ClusterAPI custom resource monitoring #37

bavarianbidi · 2022-05-30T12:11:14Z

Signed-off-by: Mario Constanti [email protected]

Status:

2023-05-25: PR will be closed (without merging it) soon. The current state is documented in PR https://github.com/giantswarm/giantswarm/pull/27092 and all future discussions will be moved into an own issue

Signed-off-by: Mario Constanti <[email protected]>

fiunchinho · 2022-05-30T13:00:48Z

Thanks for the RFC.

The CASM upstream proposal "future work" section, mentions adding provider metrics in the future, so I guess solving this means discussing with upstream about the best solution.

Talking about the proposed solutions here (and without having talked to upstream people yet), I feel like having different implementations for different providers living in different applications/repos is more aligned with how the CAPI project is currently made/designed, making different providers to be implemented as different applications. As it's mentioned in the RFC, trying to put all potential providers metrics implementations into a single app would bring many many code dependencies into the project (or a complex use of unstructured objects using conditionals to use different fields for different providers?). Apart from code dependencies, it would introduce provider dependency, meaning that development for one provider could affect other providers.

Using different implementations for different providers makes it harder to deploy, but that's a problem that we are already solving for CAPI controllers anyway.

Signed-off-by: Mario Constanti <[email protected]>

cluster-api-state-metrics-adoption/README.md

erkanerol · 2022-05-31T09:40:28Z

cluster-api-state-metrics-adoption/README.md

+
+But as the code isn't that complex it's very easy to extend the existing implementation to support infrastructure provider specific metrics.
+
+Beside generated changes in `go.mod` and `go.sum` only the following changes are needed to add the two new metrics `capi_openstackcluster_created` and `capi_openstackcluster_paused` into CASM.


would it be so complex&dirty to add different providers by config? like passing GVK as config + using unstructured in the code.

would it be so complex&dirty to add different providers by config? like passing GVK as config + using unstructured in the code.

my assumption was to align with the already existing implementation (import the type and reuse it) as much as possible.

If we're using unstructured objects, we have to deal with different fields for all used different providers, not sure if it's worth to doing it.
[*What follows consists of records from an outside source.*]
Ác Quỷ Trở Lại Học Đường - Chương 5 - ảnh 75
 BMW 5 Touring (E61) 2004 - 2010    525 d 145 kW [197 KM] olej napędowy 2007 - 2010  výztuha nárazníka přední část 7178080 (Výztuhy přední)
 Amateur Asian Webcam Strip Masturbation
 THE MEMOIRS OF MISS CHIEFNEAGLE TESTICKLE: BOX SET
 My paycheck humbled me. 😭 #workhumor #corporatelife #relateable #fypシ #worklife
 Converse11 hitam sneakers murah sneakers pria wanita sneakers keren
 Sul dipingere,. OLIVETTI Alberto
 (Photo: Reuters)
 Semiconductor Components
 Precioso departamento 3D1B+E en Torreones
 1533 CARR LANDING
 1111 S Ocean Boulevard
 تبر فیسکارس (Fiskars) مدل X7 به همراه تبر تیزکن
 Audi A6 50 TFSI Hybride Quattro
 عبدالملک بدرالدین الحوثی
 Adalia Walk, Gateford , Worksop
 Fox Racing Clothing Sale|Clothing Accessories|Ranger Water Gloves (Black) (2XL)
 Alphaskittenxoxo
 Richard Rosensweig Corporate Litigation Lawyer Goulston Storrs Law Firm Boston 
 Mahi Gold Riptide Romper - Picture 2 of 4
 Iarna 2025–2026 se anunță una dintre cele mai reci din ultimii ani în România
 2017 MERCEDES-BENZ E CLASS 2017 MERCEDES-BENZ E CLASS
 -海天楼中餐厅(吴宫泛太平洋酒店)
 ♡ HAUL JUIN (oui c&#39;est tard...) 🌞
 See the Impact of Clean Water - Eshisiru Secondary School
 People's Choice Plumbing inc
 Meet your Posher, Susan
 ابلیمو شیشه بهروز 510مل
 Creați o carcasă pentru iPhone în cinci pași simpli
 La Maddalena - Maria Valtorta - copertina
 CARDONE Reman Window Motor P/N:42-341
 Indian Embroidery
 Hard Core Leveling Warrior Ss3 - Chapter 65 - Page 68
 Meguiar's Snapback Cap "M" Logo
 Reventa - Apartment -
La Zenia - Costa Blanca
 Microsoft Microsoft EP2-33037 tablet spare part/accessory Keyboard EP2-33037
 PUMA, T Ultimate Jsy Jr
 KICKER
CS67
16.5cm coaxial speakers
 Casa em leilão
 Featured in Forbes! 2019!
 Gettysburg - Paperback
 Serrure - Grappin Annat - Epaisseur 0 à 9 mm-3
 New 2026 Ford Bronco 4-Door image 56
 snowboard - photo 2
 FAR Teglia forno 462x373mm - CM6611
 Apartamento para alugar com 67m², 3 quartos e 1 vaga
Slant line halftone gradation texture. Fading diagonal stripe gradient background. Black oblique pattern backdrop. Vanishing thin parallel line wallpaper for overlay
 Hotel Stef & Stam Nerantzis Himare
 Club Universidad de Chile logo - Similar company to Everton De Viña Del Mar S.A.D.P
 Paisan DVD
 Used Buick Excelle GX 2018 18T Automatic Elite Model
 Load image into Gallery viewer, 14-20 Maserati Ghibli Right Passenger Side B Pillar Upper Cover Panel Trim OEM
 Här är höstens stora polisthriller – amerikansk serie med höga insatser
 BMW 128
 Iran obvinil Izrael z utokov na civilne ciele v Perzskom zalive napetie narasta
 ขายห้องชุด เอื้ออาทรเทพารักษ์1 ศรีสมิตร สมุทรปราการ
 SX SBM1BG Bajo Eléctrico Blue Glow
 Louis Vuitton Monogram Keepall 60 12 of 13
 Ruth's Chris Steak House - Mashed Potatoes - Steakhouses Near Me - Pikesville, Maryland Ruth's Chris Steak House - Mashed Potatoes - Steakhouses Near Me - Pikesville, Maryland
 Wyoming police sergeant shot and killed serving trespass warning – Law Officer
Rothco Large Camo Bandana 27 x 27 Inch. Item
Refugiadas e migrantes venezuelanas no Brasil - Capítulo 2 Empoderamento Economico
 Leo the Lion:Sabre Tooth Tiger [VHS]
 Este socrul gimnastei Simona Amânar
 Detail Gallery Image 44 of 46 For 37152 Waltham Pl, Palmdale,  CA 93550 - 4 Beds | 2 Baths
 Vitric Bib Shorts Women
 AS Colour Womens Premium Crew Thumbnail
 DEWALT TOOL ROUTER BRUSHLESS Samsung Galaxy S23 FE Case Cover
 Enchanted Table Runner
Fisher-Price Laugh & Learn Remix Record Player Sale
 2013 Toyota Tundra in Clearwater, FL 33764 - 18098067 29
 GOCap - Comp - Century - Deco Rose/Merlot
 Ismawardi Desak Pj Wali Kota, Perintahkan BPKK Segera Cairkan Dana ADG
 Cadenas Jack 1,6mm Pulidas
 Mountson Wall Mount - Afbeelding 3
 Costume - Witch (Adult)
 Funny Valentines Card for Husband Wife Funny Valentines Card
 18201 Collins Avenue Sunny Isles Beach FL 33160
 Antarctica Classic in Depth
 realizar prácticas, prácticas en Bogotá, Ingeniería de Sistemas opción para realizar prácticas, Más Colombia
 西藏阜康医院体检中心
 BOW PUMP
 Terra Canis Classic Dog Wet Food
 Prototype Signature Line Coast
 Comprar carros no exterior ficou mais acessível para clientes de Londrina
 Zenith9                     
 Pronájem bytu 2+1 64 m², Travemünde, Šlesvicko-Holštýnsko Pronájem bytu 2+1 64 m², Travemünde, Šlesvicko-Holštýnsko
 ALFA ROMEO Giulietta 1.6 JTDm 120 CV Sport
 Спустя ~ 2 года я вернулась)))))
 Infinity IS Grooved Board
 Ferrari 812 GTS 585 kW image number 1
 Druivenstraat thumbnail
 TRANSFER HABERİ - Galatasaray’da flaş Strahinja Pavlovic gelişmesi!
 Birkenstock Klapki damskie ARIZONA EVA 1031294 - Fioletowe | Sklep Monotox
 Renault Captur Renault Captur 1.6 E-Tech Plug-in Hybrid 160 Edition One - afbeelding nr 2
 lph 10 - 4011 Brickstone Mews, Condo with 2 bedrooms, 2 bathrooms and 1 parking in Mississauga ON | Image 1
@fiunchinho already mentioned this above:

As it's mentioned in the RFC, trying to put all potential providers metrics implementations into a single app would bring many many code dependencies into the project (or a complex use of unstructured objects using conditionals to use different fields for different providers?)

IMO:
As upstream implementation doesn't have a solution for provider specific metrics yet i guess it's worth to start with a simple solution for now (as the benefits for us might be huge on a short term). And once the discussion starts upstream we could take part there as we already have to refactor this component once upstream has found a good solution. WDYT @erkanerol ?

I think it is the simplest solution for us (OpenStack provider) but I am not sure it is the most optimal solution for the whole GiantSwarm. We can mention this in the next kaas sync.

Nevertheless, I don't see any big risk in starting with this solution and then improving in time. So +1 from my side.

added a note to the upcoming KaaS-Sync

what was the conclusion in that sync?

what was the conclusion in that sync?

that all others will take a look at this PR. Will propagate it again in the next couple of days.

whats left for this rfc now?

my time to convert it into a new RFC ... still on my list

* WIP: notes about ksm * changed highlighting for new .go file

Signed-off-by: Mario Constanti <[email protected]>

cluster-api-resource-monitoring/README.md

pipo02mix · 2022-06-08T06:13:32Z

cluster-api-resource-monitoring/README.md

+- Scope of KSM between management- and workload cluster differs
+  - resource requirements
+  - permissions
+- Changes in KSM-App affect all clusters, even if changes are only done for management clusters (e.g. version bump)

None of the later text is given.